Jersey Boys, Clint Eastwood’s latest film, opened this Friday, and it’s based on the popular stage musical about Frankie Valli and the Four Seasons. Eastwood strikes me as the ideal director to translate this story to screen because many of his films are alternately affectionate and critical explorations of forms and customs indigenous to American art and culture, including jazz (Bird), country music (Honkytonk Man), the film western (Unforgiven, Bronco Billy), and now, doo-wop. Of course, he has other interests—politics (Absolute Power), crime (Midnight in the Garden of Good and Evil), spirituality (Hereafter), family (Mystic River), the masculine identity (High Plains Drifter), and his own identity (Sudden Impact)—but Eastwood’s best films deftly illustrate the American experience regardless of subject matter, a transcendent quality unique to our country’s greatest directors. Many of his New Hollywood peers were as (if not more) influenced by European art cinema as their native cinema; but Eastwood retained a specific interest in American movies, which naturally fed into his interest in American life. For him, the two go hand in hand. Here are my five favorite Clint Eastwood movies.
5. The Gauntlet (1977) His most thoroughly crowd-pleasing work, a complete disavowal of realism and general taste. It’s also his best early work, more thrilling than Play Misty For Me, more exciting than The Outlaw Josey Wales, and flat-out weirder than the already pretty weird High Plains Drifter.
4. Pale Rider (1985) The first and most pure western to follow Heaven’s Gate, the storied film maudit that signaled the end of the genre’s first revisionist phase. The film is incredibly personal: Eastwood mixes his own self-evaluative tendencies with an idiosyncratic examination of the archetypal Hollywood movie hero, creating an introspective mood sustained by the story’s spiritual and philosophical themes.
3. Firefox (1982) So much of Eastwood’s directorial work is an examination of his own persona as an actor, and much like Pale Rider, this action film toys with his established character type, and his approach is significantly nuanced. This film is the one that’s most different from his others, which might explain its marginal reputation, but the emotional and artistic currents nevertheless run deep. As Dave Kehr explains, “The first half is dark and slow, with a Bressonian terseness; the second, after the theft of the plane, is bright and full of action, though the ideas are even blacker.”
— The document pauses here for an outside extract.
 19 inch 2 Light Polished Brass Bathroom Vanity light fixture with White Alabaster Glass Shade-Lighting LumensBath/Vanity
2. Changeling (2008) An exceedingly underrated film, a dark and aggressive survey of political and social injustice that filters the director’s trademark “vigilante revenge” story model through a female perspective. Rather than present the 1920s as a simpler or somehow more innocent time, the film highlights the rampant corruption among power groups of the era, specifically the LAPD, whose arrogance, as conceived by Eastwood, seemingly knows no bounds. Like other late-period Eastwood films, themes of child endangerment are prevalent and amplified by the story’s Kafkaesque maternal viewpoint.
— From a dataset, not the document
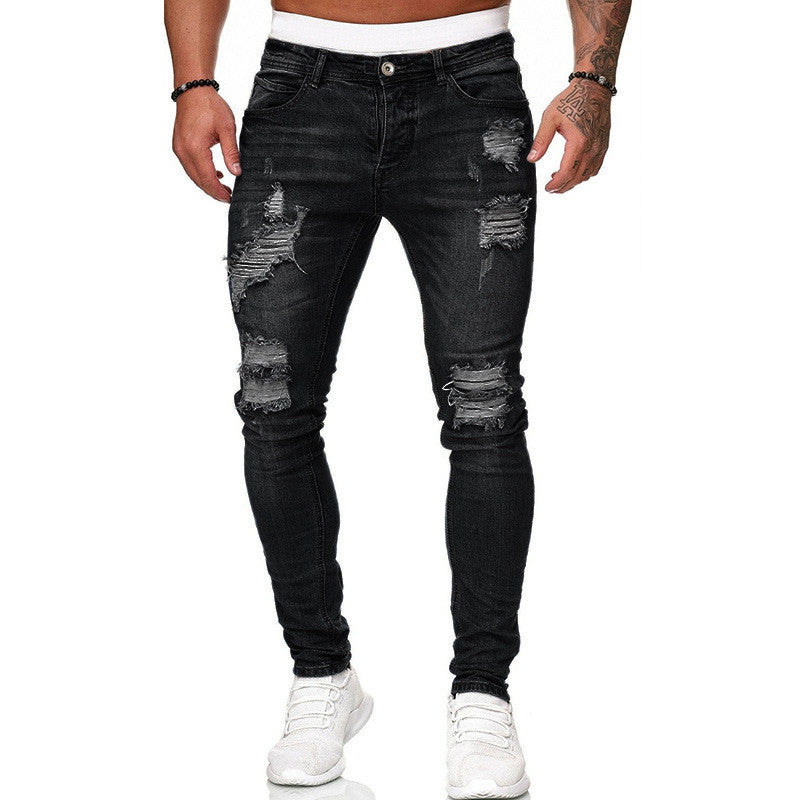 Fashion Street Style Ripped Skinny Jeans Men Vintage Wash Solid Denim Trouser Mens Casual Slim Fit Pencil Denim Pants - 𝓢𝓱𝓸𝓹𝓵𝓮𝓬𝔂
1. Bird (1988) This biopic of Charlie Parker is something of a parable in the way it illustrates how the musician’s bad habits both spurred his career and led to his demise. The film is Eastwood’s great artist profile, an inquisitive and reverential survey of a master artist’s life and process—a subject he’d explore in his follow-up film White Hunter, Black Heart. The film has some weighty stylistic flourishes that seem better reserved for a more genre-oriented work—Bird‘s dense lighting anticipates Unforgiven‘s somber mood and inky cinematography—but they fit remarkably well here, particularly during nighttime shots where darkness seems to overtake the characters.